New York scored among the best states in the nation for its Disaster Preparedness efforts but among the worst for its Medical Liability Environment. Access to Emergency Care suffers from some disconcerting factors including low numbers of emergency departments, primary care providers, and mental health professionals.
Strengths. New York has in place multiple systems to promote the Quality and Patient Safety Environment, including required adverse event reporting and reporting of hospital-based infections, as well as a statewide trauma registry. New York also ranked fourth for its high rate of emergency medicine residents (38.1 per 1 million people).
New York received a high score in Disaster Preparedness due to a wide array of planning activities and capacity. In addition to an all-hazards medical response plan that is shared with EMS and essential hospital personnel, the state has a written plan for special needs patients. The state requires disaster management training for EMS and essential hospital personnel and provides additional liability protections to health care workers during a disaster. There is a real-time or near real-time syndromic surveillance system, as well as a real-time surveillance system for common emergency department presentations. New York ranks 2nd and 14th, respectively, for the per capita rates of physicians and nurses enrolled in the state-based Emergency System for Advance Registration of Volunteer Health Professionals program.

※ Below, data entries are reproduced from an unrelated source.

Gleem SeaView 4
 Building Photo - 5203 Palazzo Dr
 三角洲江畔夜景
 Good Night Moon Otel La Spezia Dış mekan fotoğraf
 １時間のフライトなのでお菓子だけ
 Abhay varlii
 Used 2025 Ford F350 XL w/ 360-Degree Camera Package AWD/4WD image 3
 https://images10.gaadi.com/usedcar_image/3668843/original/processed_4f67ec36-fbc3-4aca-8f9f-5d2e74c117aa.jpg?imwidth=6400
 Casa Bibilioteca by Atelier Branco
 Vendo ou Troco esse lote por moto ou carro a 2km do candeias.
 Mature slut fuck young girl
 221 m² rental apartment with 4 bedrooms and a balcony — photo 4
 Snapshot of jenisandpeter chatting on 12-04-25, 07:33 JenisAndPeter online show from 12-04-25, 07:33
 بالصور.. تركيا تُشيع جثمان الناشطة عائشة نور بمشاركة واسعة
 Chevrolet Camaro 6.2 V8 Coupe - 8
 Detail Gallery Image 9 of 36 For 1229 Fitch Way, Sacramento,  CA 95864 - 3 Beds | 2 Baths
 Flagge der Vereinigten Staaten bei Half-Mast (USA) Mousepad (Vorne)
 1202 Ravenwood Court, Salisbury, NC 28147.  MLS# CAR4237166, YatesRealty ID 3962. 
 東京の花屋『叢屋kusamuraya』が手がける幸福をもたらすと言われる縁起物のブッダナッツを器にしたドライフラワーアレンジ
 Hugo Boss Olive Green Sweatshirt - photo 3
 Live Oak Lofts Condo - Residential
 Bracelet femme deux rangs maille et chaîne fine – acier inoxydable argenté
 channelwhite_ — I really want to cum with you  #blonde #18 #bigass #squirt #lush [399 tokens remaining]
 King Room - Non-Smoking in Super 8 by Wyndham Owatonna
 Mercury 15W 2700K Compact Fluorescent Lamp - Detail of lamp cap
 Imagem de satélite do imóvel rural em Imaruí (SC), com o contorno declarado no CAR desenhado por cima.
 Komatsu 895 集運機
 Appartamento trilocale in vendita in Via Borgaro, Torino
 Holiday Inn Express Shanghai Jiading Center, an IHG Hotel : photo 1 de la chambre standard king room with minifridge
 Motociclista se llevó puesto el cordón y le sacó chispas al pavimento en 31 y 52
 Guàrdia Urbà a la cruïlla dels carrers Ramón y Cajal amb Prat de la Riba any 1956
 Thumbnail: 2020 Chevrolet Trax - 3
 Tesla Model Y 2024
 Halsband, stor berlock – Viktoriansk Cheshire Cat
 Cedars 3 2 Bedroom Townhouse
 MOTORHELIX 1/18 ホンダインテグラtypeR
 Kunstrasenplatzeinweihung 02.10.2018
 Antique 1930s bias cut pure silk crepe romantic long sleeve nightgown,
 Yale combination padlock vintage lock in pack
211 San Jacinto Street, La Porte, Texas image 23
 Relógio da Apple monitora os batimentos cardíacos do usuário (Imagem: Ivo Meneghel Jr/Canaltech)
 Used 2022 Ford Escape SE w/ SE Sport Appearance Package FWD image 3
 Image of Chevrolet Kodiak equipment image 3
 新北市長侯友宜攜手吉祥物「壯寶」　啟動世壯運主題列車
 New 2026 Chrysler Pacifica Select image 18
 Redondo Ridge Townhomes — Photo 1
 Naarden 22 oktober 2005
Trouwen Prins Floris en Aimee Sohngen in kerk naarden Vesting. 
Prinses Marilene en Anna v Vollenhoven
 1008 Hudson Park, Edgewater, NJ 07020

Regarding Public Health and Injury Prevention, New York ranked among the top eight states for its low rates of traffic fatalities, homicides and suicides, fatal occupational injuries, and unintentional firearm-related fatal injuries. The infant mortality rate is 5.8 deaths per 1,000 live births compared with 6.9 per 1,000 nationally. The state also has below average rates of obese adults (22.9 percent) and adult smokers (18.2 percent).
Challenges. New York’s poor showing regarding Access to Emergency Care reflects a myriad of problems. While New York has average rates of medical specialists overall, the state ranks 46th and 49th for access to primary care and mental health providers, respectively. The state has the third lowest rate of emergency departments (7.1 per 1 million people) and the second highest daily hospital occupancy rate (80.6 per 100 staffed beds). New York also ranks 46th for the low rate of pediatric specialty centers (2.2 per 1 million people). Finally, Medicaid fee levels for office visits are only 59.3 percent of the national average.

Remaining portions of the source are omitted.